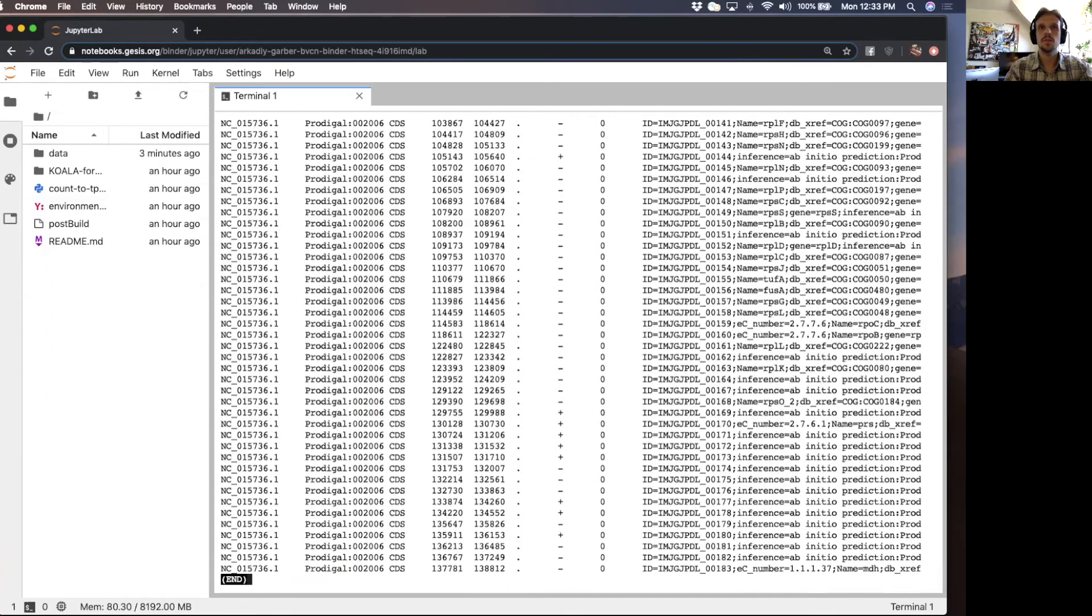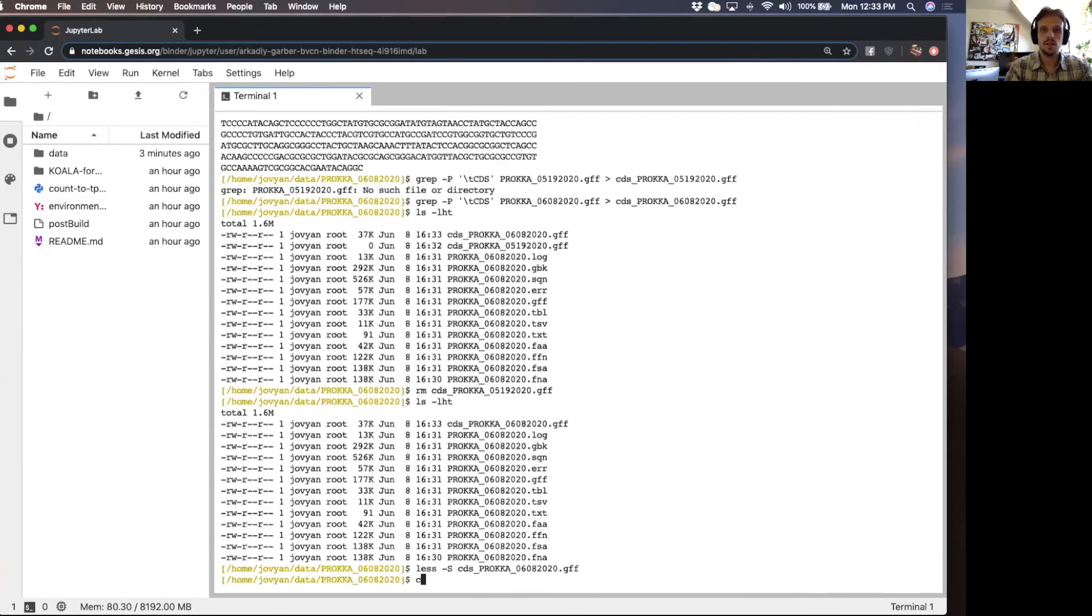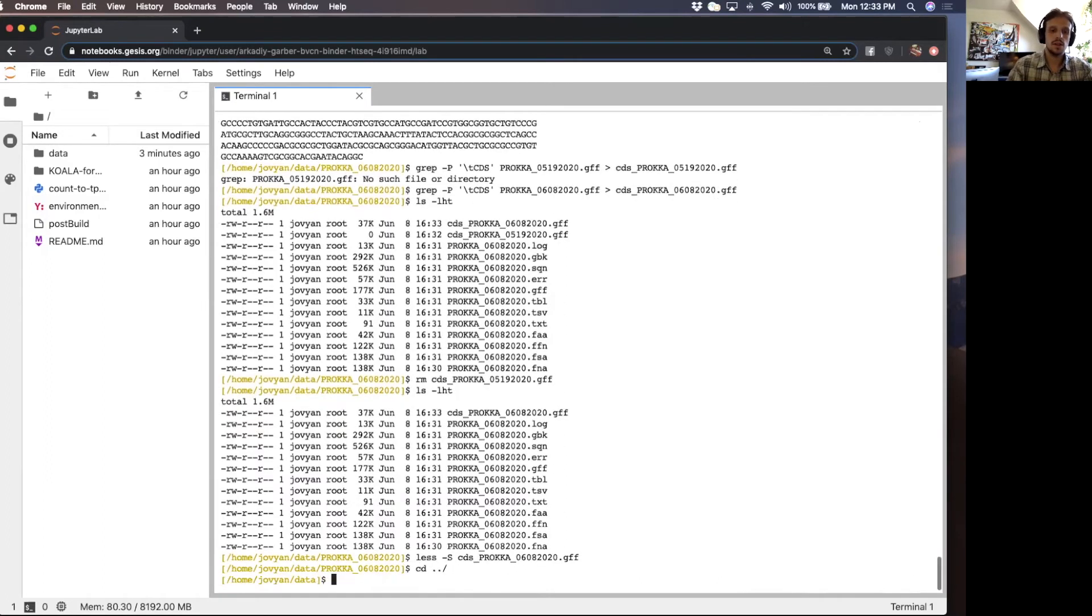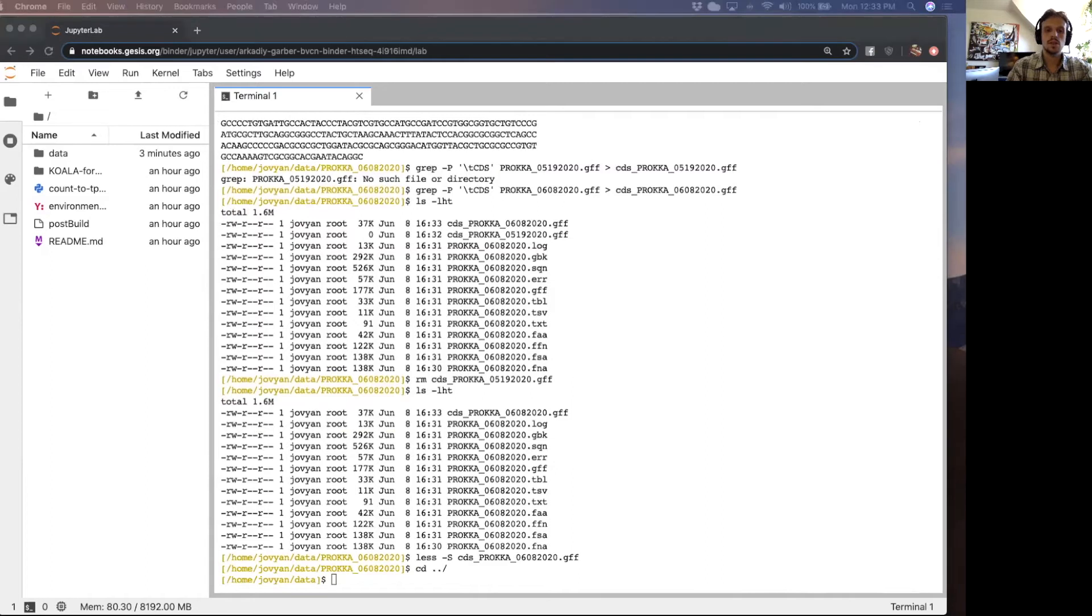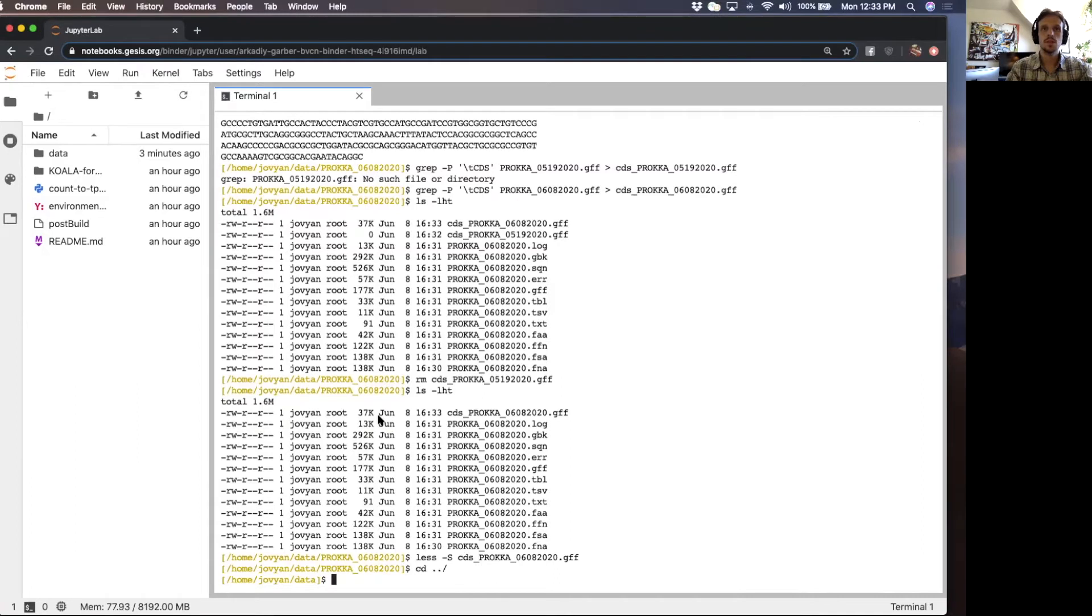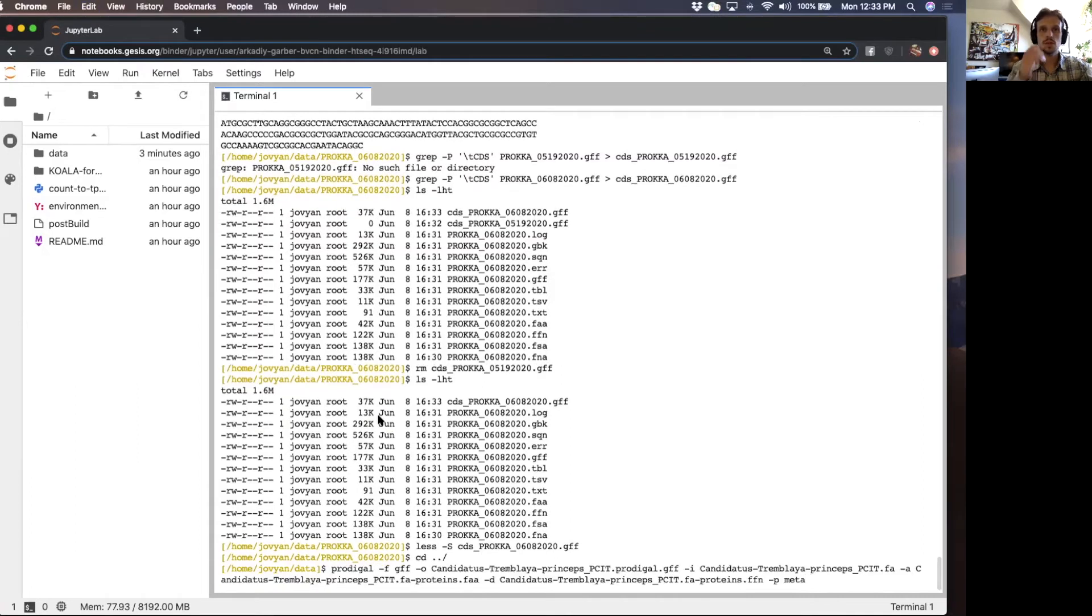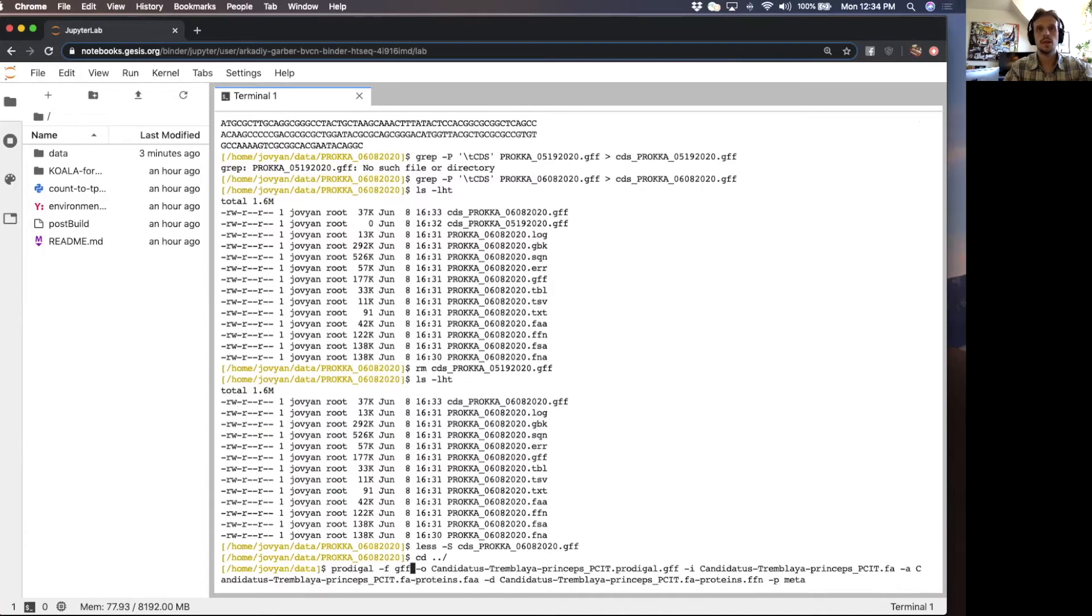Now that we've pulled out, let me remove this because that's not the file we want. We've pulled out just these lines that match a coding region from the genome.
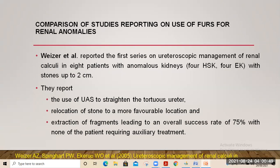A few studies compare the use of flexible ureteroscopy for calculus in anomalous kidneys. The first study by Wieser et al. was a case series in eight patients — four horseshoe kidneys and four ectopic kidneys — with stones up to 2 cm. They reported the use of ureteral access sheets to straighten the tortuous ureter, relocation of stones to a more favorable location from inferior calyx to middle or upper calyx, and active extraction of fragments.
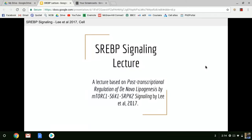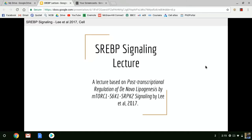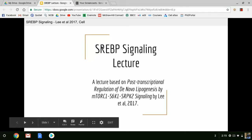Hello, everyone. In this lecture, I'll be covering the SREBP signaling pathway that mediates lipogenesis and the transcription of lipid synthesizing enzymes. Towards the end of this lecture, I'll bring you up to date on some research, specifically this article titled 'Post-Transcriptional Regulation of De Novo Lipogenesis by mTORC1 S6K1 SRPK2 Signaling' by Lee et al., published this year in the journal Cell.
====
● What you are asked to do:
Only the listing above, set down exactly and without pictures, belongs in the answer.

● Result of the task:
Now that we've pulled out, let me remove this because that's not the file we want. We've pulled out just these lines that match a coding region from the genome.
A few studies compare the use of flexible ureteroscopy for calculus in anomalous kidneys. The first study by Wieser et al. was a case series in eight patients — four horseshoe kidneys and four ectopic kidneys — with stones up to 2 cm. They reported the use of ureteral access sheets to straighten the tortuous ureter, relocation of stones to a more favorable location from inferior calyx to middle or upper calyx, and active extraction of fragments.
Hello, everyone. In this lecture, I'll be covering the SREBP signaling pathway that mediates lipogenesis and the transcription of lipid synthesizing enzymes. Towards the end of this lecture, I'll bring you up to date on some research, specifically this article titled 'Post-Transcriptional Regulation of De Novo Lipogenesis by mTORC1 S6K1 SRPK2 Signaling' by Lee et al., published this year in the journal Cell.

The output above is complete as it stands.